Bewegungsmangel zählt zu den häufigsten Ursachen für die Entstehung von Zivilisationskrankheiten (wie z. B. Bluthochdruck, Diabetes mellitus Typ 2; [5, 23]). Neuere epidemiologische Studien mit Erwachsenenpopulationen zeigen – unabhängig des Ausmaßes an körperlicher Bewegung – kausale Zusammenhänge zwischen „sedentary behaviour“ (hohe und/oder dauerhafte Sitzzeiten) und Zivilisationskrankheiten auf [1, 3, 4, 8, 10, 14].
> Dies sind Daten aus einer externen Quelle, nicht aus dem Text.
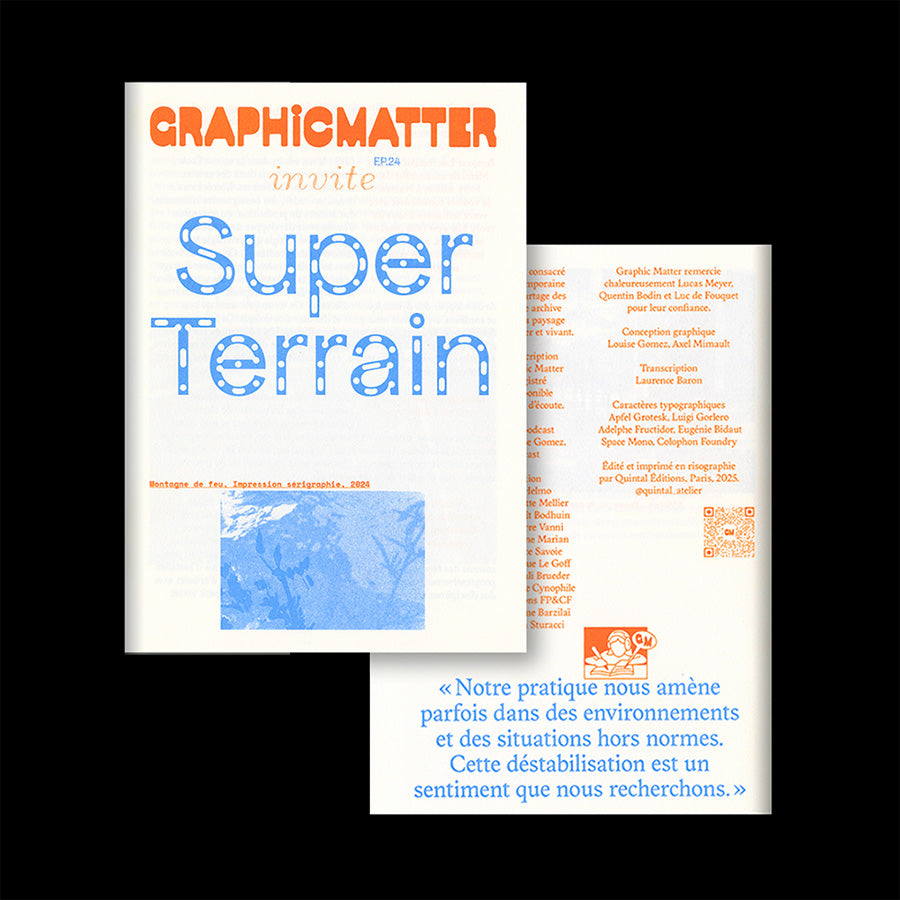 Graphic Matter invite Super Terrain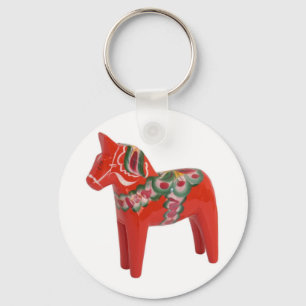 Chaveiro Escandinavo do cavalo de Dala do sueco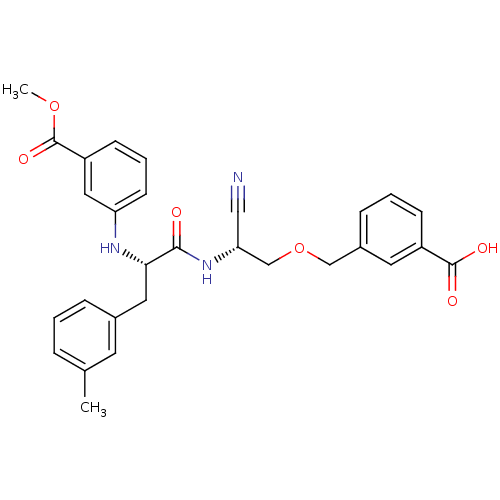 Chemical structure of BindingDB Monomer ID 50135532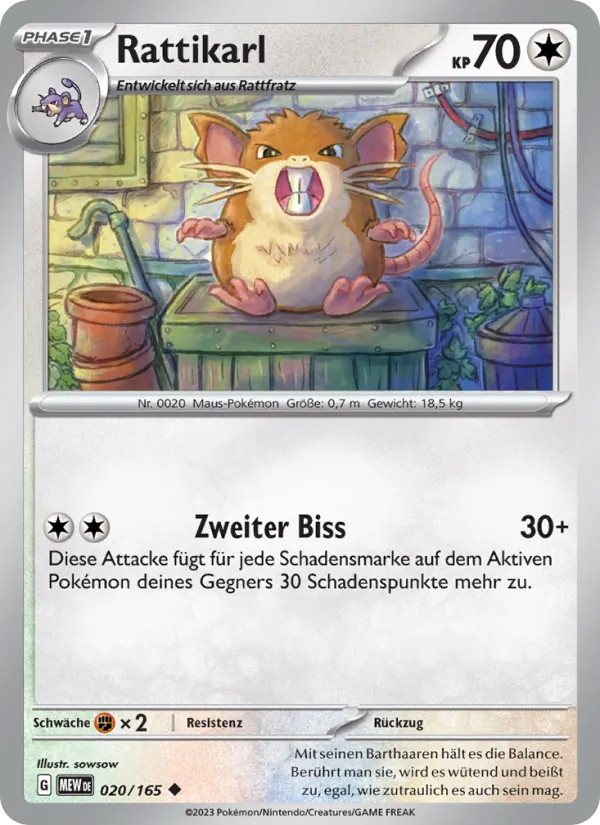 Rattikarl (151 #020/165)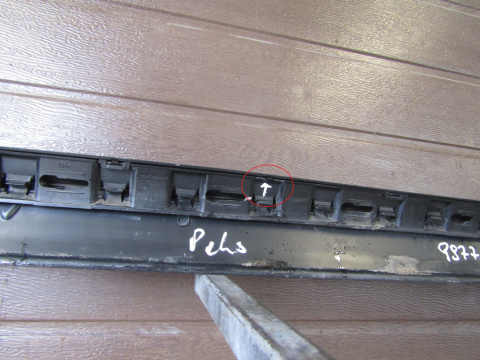 Listwa progowa lewa VW Golf 6 VI GTI 5K0 09-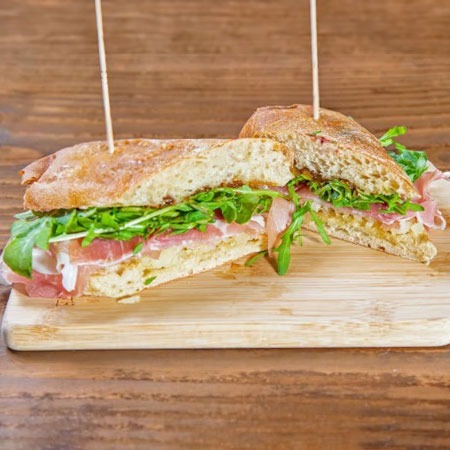 The Fig & Prosciutto Ciabatta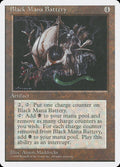 Black Mana Battery – Rare Magic: The Gathering card from Fourth Edition (#298)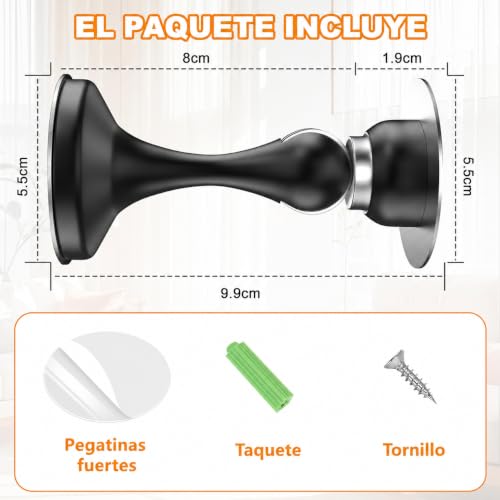Tope magnético para puertas 9 Imagen adicional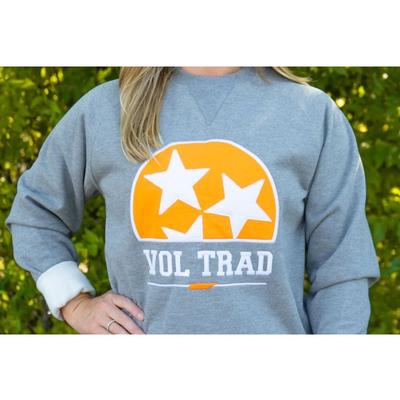 Volunteer Traditions Rising Tri-Star Sweatshirt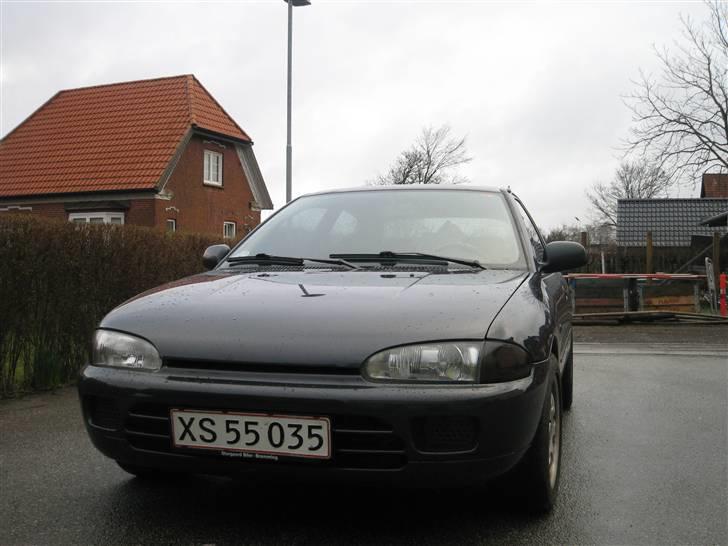 Mitsubishi Colt (Projekt) billede 11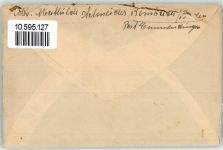 79312 W7830 Emmendingen KEINE AK Landpoststempel Bombach Briefkuvert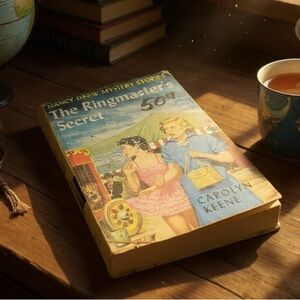 Nancy Drew Mystery Stories: The Ringmaster's Secret Vintage Young Adult Book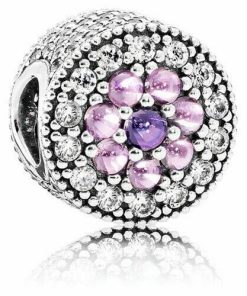 Dazzling Floral Charm
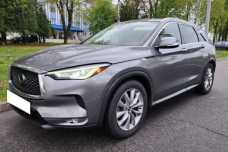 Infiniti QX50 P71A, 2019, пробег 99000 км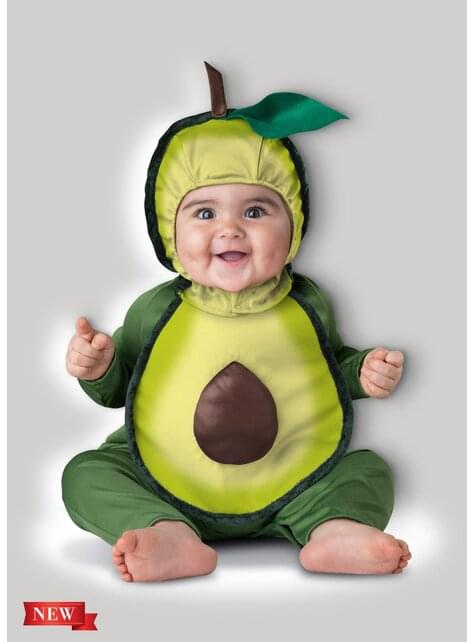 Disfraz de aguacate para bebé - In Character Costumes | Funidelia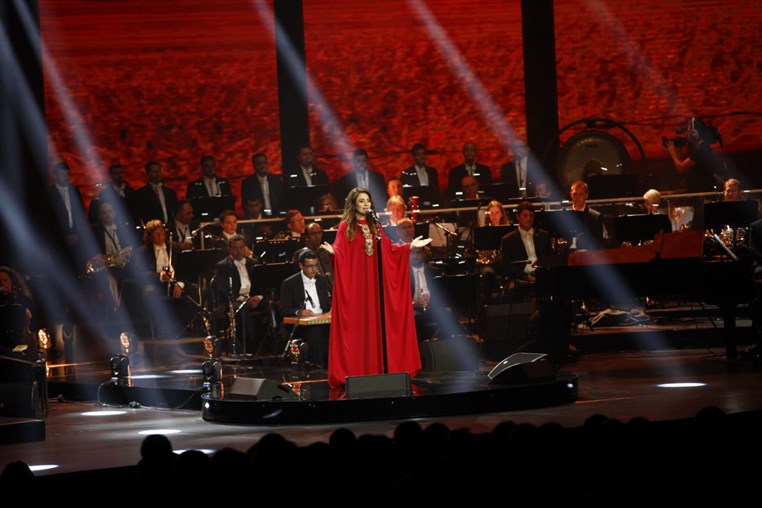 Julia Boutros in Concert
Gelten junge Erwachsene üblicherweise als gesündeste und aktivste Bevölkerungsgruppe, so zeigt sich beim Thema Sitzen in Deutschland, dass insbesondere Personen zwischen 18 und 29 Jahren mit einer täglichen Sitzzeit von bis zu 9 h den höchsten Wert aufweisen [12, 17, 25]. Deutschland verzeichnet im europäischen Vergleich überdurchschnittlich hohe Sitzzeiten, insbesondere bei Personen mit hohem Bildungsgrad. Hierzu gehören auch Studierende, die zudem weniger körperlich aktiv als ihre Altersgenossen sind [16]. Während in den letzten Jahrzehnten Bewegungs- und Sportmöglichkeiten von Hochschulen (z. B. Hochschulsport) stetig ausgebaut wurden, hat sich das Bild des „Lernens im Sitzen“ verfestigt: Hörsäle sind fest bestuhlt – eine Veränderung der Sitzhaltung während einer Vorlesung ist nicht möglich. Ebenso sieht es in vielen Bibliotheksbereichen aus, sodass Lesen, Lernen und Schreiben in erster Linie im Sitzen an Tischen durchgeführt werden muss. Die Handlungsmöglichkeiten der Studierenden, in veränderten Positionen (im Stehen, im Gehen, wechselnd) zu lernen, sind meist nicht gegeben [6, 14, 24]. Der Forschungsstand macht deutlich, dass Interventionsstudien, die Studierende dazu anregen, einen bewegteren Unialltag zu durchleben und während des Lernens Sitzen, Stehen und Bewegen möglichst variabel abwechseln zu können, aus gesundheitsförderlicher Sicht von großer Bedeutung sind. Für die Settings Betrieb und Schule konnten erste Interventionsstudien mit bewegungsfördernden Arbeitsplätzen eine hohe Akzeptanz aufweisen und positive Effekte auf das Sitzverhalten erzielen [1, 4, 26, 28].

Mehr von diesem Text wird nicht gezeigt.